Cryptocurrency is on the Agenda
Finance ministers and central bank governors from France and Germany have called upon the Argentine finance minister, who this year holds the presidency for the summit, calling into question the financial implications of cryptocurrencies. The German and French minister seek for a joint statement through an international report, looking at the future of blockchain and potential impacts on financial stability, working towards a trans-boundary action to regulate it.
This could mean a number of things for blockchain technology, although outright negative outcomes are improbable. As a new asset class, blockchain-based cryptocurrencies have been notable for their volatility and associated risks of investment. Aspects of financial and economic crime will also be cause for concern.
The ministers had this to say, according to media:
“We believe there may be new opportunities arising from the tokens and the technologies behind them… However, tokens could pose substantial risks for investors and can be vulnerable to financial crime without appropriate measures. In the longer run, potential risks in the field of financial stability may emerge as well.”
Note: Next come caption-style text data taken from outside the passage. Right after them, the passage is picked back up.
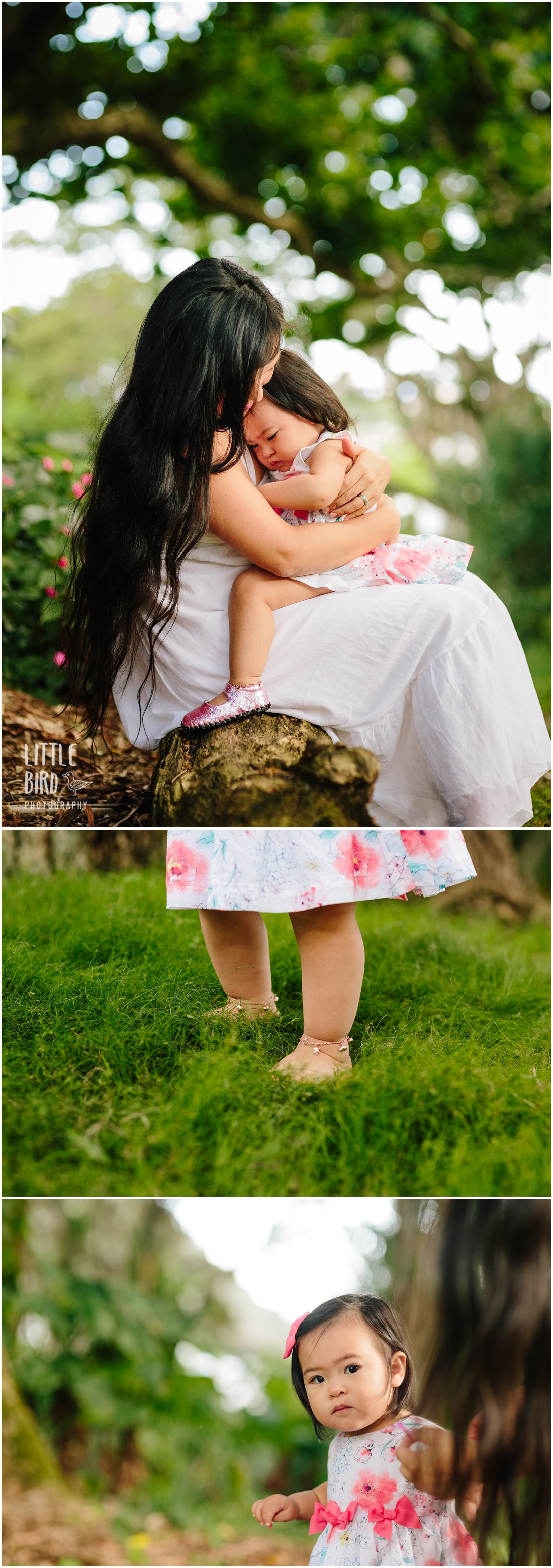 beautiful mom and daugther portraits in Nuuanu hawaii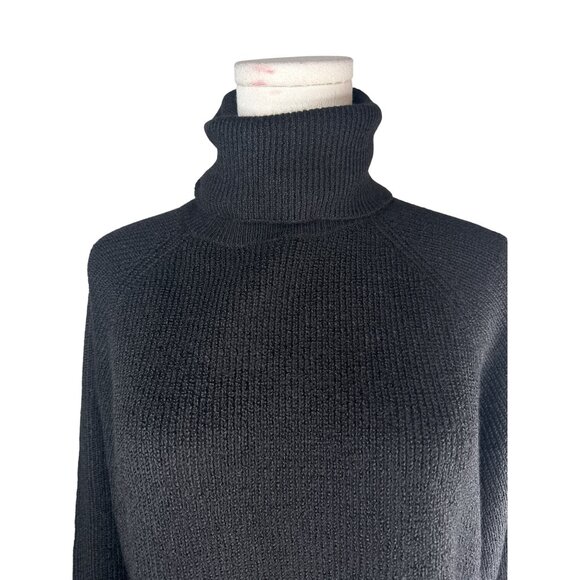 Black Turtleneck Sweater Dress XL PrettyLittleThing Plus NWT - Picture 6 of 11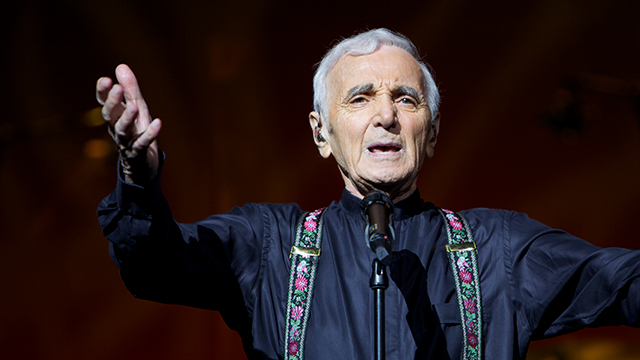 Singer Charles Aznavour 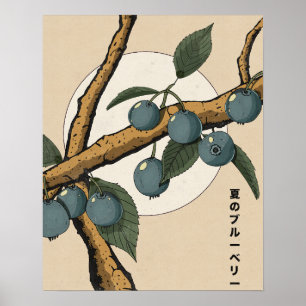 Poster Mirtilos Japoneses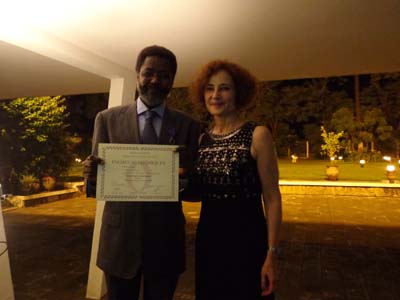 Tchad: la France honore Dr Ali Abdéramane Haggar, recteur de l’Université de N’Djaména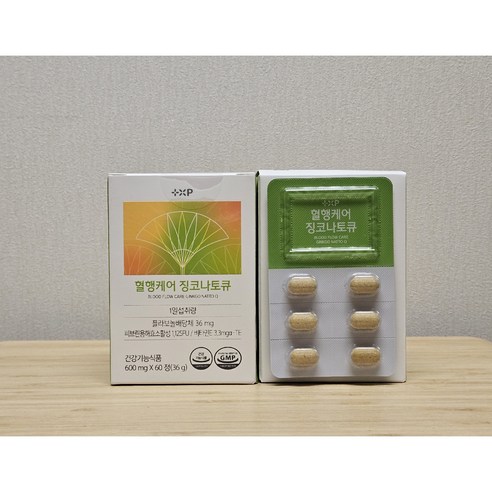 혈행케어 징코나토큐 (혈행개선 기억력 개선 항산화), 1개, 60정
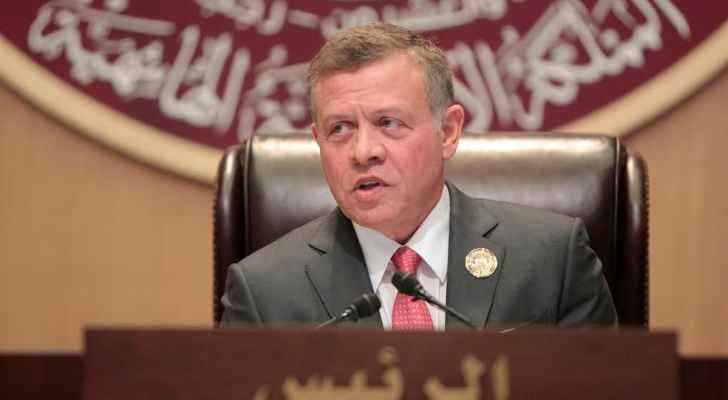 ملك الاردن: اشقائنا الفلسطينيين دعاة سلام والقدس مفتاح السلام بالمنطقة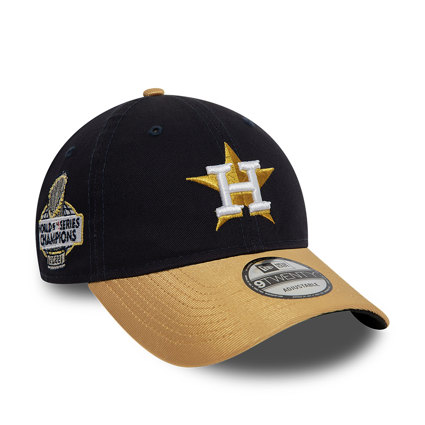 Houston Astros MLB Gold Blue 39THIRTY Stretch Fit Cap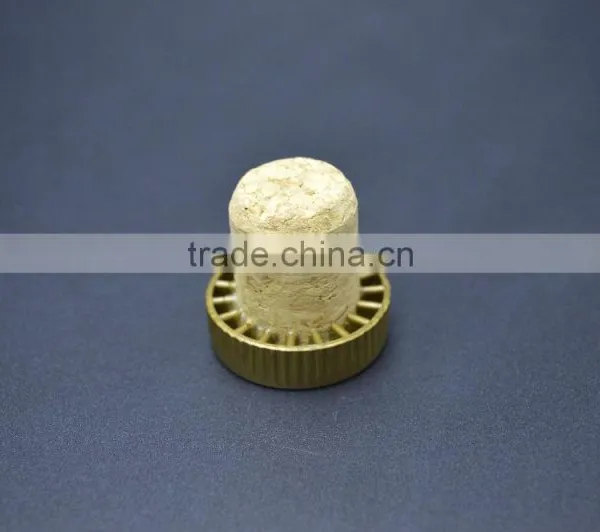 Plastic Top Wood Cork for Glass Wine Bottle Stopper photo-4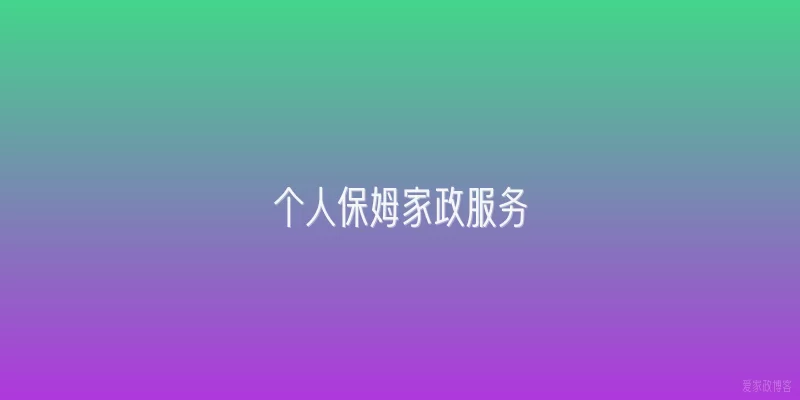 个人保姆家政服务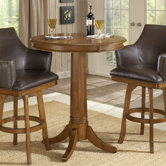 Park View Bar Table in Medium Brown Oak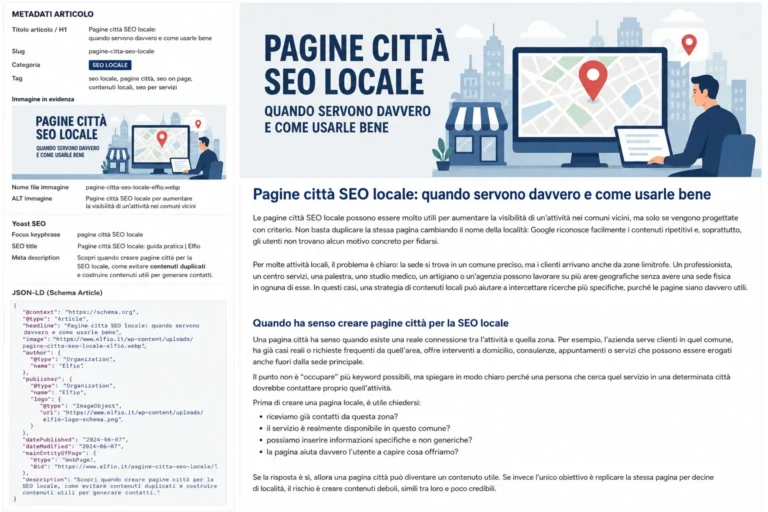 Scopri di più sull'articolo Pagine città SEO locale: quando servono davvero e come usarle bene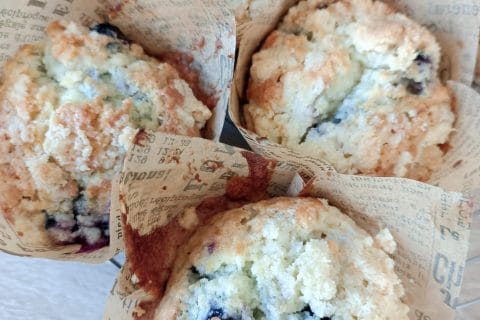 Cliquez pour zoomer ! Muffins aux myrtilles Thermomix par Cecile6618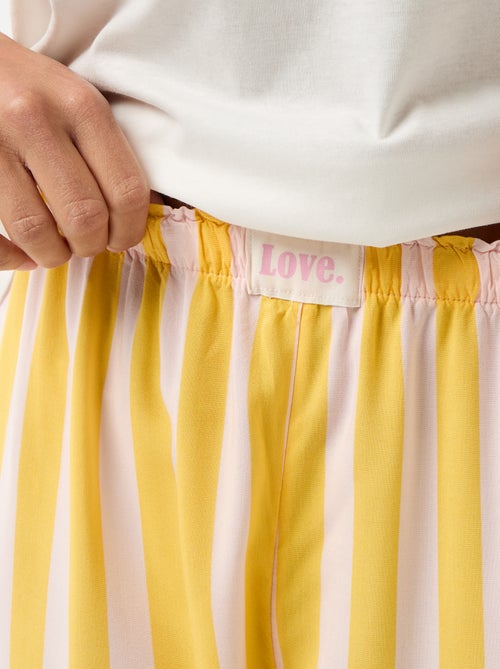 Pyjama long imprimé - 2 pièces - Kiabi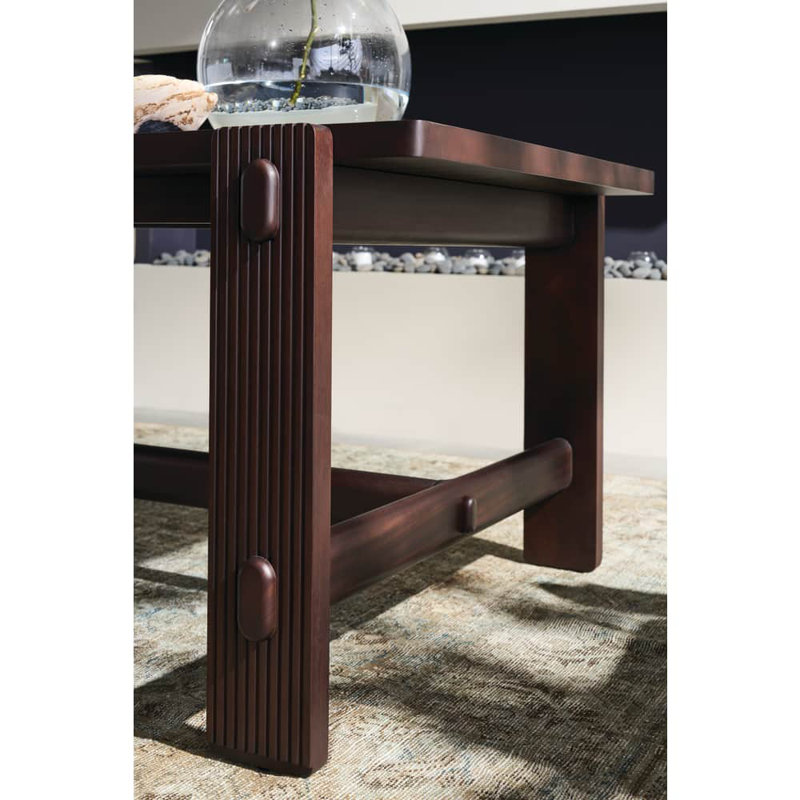 Kindred Dining Room Table, Dark Brown Wood, Wood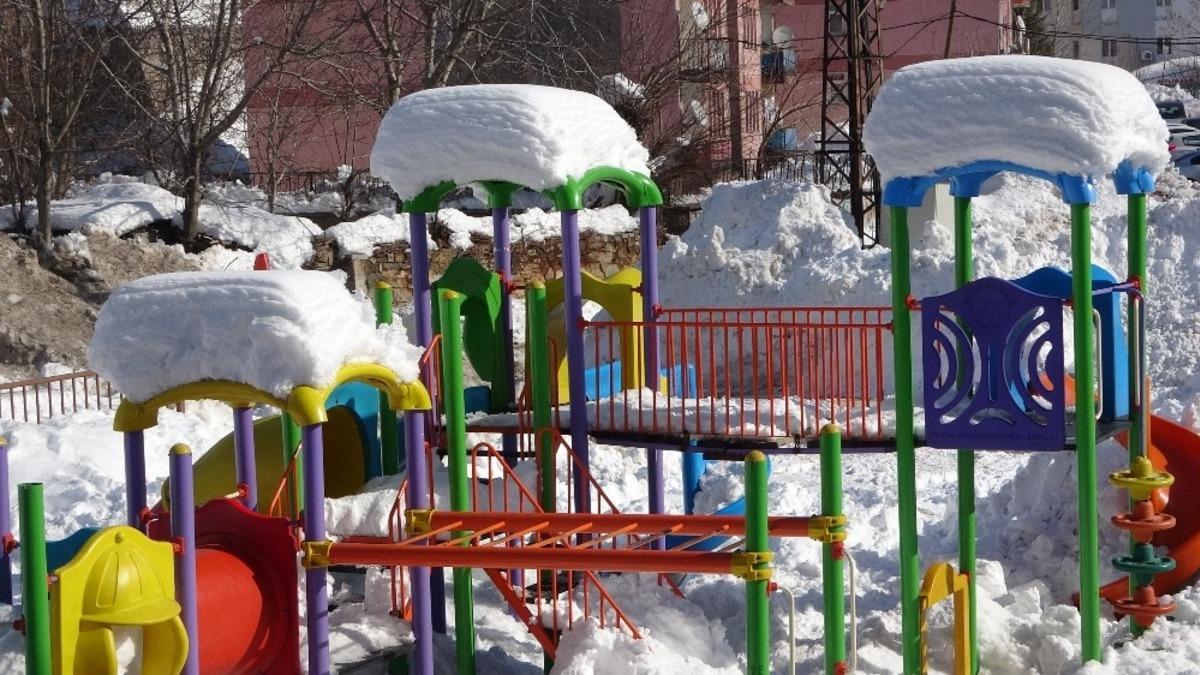 Bitlis&rsquo;te kardan dağlar oluştu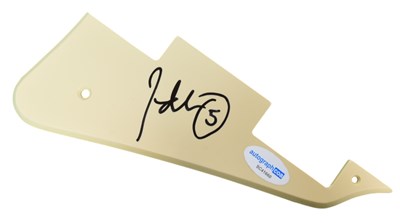 Lot 87 - JOHN 5 (GUITARIST) - SIGNED GUITAR SCRATCHPLATE - ACOA
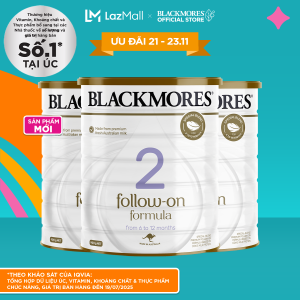Combo 3 Hộp Sữa Blackmores số 2 Follow-On Formula (900g)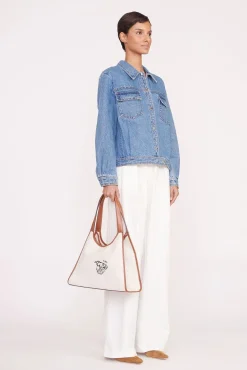 CUSTOM STAUD x C.BONZ SOFT REY BAG CREAM TAN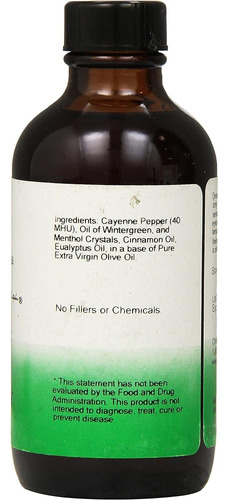 Dr. Christopher's Formula Cayenne Heat Massage Oil, 4 Onzas 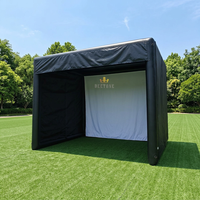 Tente de simulateur de pratique de golf gonflable extérieure hermétique de taille personnalisée Tente à écran blanc gonflable de projecteur de golf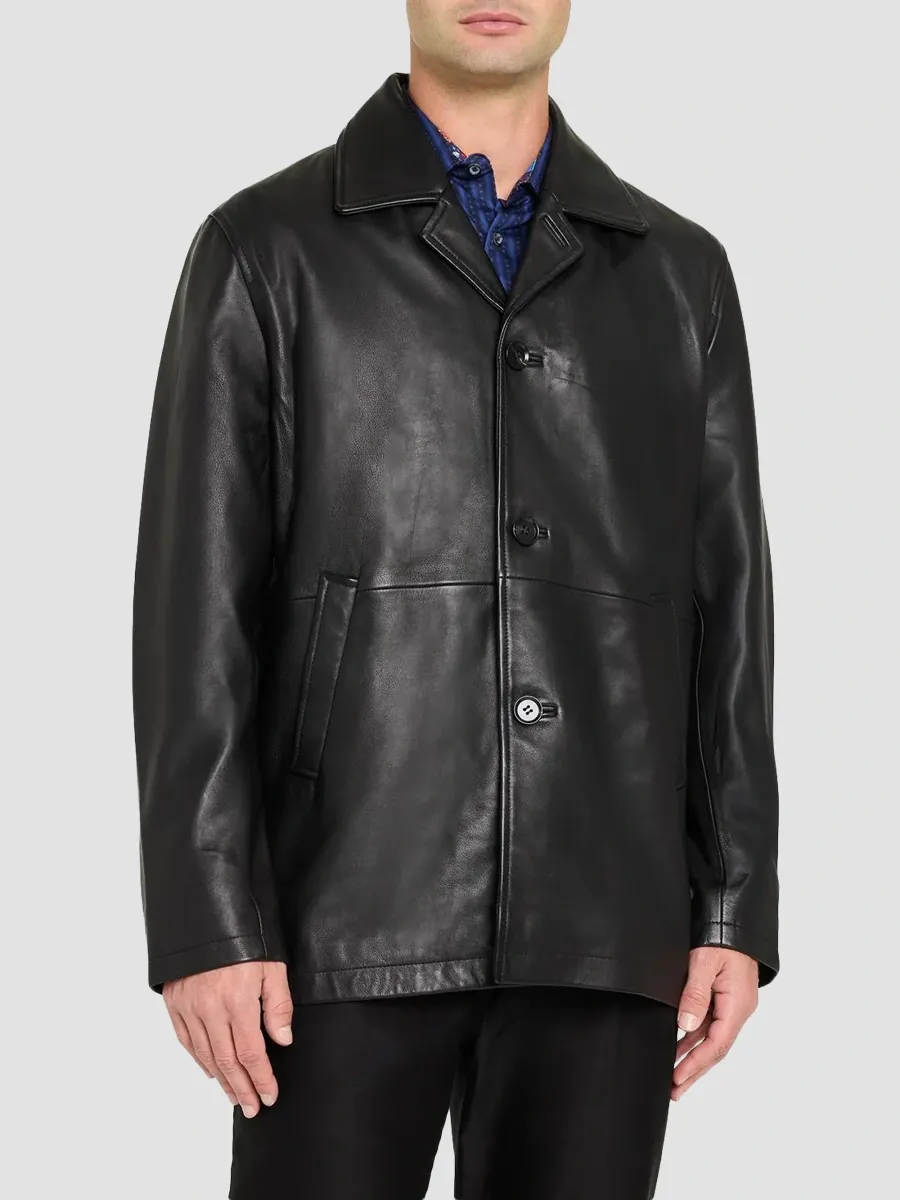 Robert Graham Men's Rocky 50th The Underdog Leather Jacket | Thumbnail 4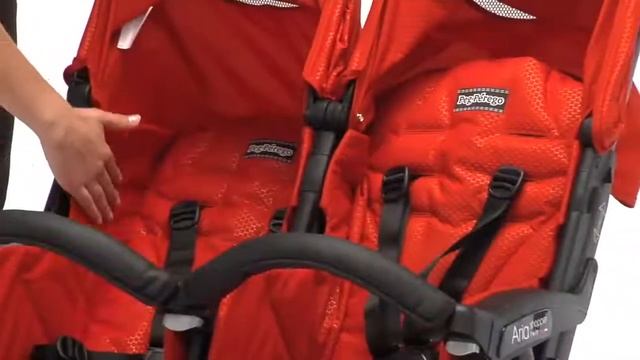 Peg Perego Aria Shopper Twin spacerowy wózek bliźniaczy смотреть онлайн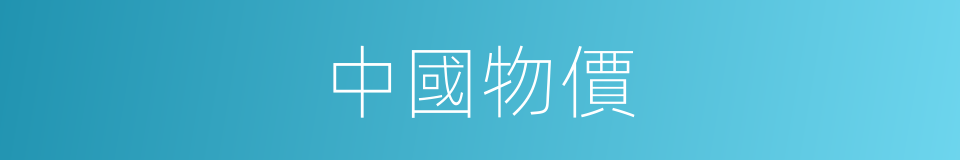 中國物價的同義詞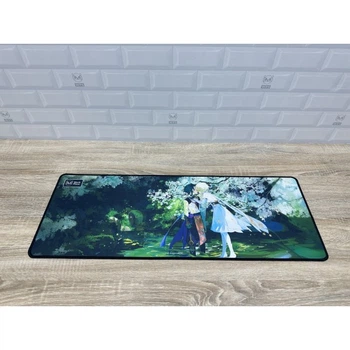 Большой коврик для мышки Work Place Shop Anime Genshin Impact Сяои Люмин 700 x 300 мм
Japan is also urging members of the summit to take more stringent precautions with an effort to prevent cryptocurrencies from being used for money laundering purposes. While G20 summit officials think a widespread cryptocurrency is not likely, the Financial Action Task Force (FATF), a 37-member group set up initially by the G7 industry heavyweights to tackle illicit finance will continue to monitor the situation.
Japanese policymakers understand that there is a broad spectrum of opinions held by the members of the summit, with some countries having a more relaxed view on the subject, fearing this could lead to loopholes, financing terrorism and money laundering.
Applying regulations on the cryptocurrency space, along with its already transparent nature will be a solid strategy for the members of G20, whether it is short-term regulations to protect consumers or a long-term plan for global adoption. The general feeling among the members of the summit is that imposing strict regulations will not be a good move.
The G20 is made up of 19 countries and the European Union, with permanent guests Spain attending and Argentina’s special guests this year being Chile and the Netherlands.